[Stored dataset items]

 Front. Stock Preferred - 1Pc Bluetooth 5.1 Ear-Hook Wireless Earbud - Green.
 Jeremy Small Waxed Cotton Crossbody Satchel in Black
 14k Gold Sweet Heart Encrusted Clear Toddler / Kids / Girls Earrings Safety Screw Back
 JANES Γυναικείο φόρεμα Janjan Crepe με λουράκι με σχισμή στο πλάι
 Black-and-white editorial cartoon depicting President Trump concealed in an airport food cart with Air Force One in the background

§ **TASK TO COMPLETE**:
Go through the records and set every one down exactly.

§ **ANSWER TO THE EXERCISE**:
 Front. Stock Preferred - 1Pc Bluetooth 5.1 Ear-Hook Wireless Earbud - Green.
 Jeremy Small Waxed Cotton Crossbody Satchel in Black
 14k Gold Sweet Heart Encrusted Clear Toddler / Kids / Girls Earrings Safety Screw Back
 JANES Γυναικείο φόρεμα Janjan Crepe με λουράκι με σχισμή στο πλάι
 Black-and-white editorial cartoon depicting President Trump concealed in an airport food cart with Air Force One in the background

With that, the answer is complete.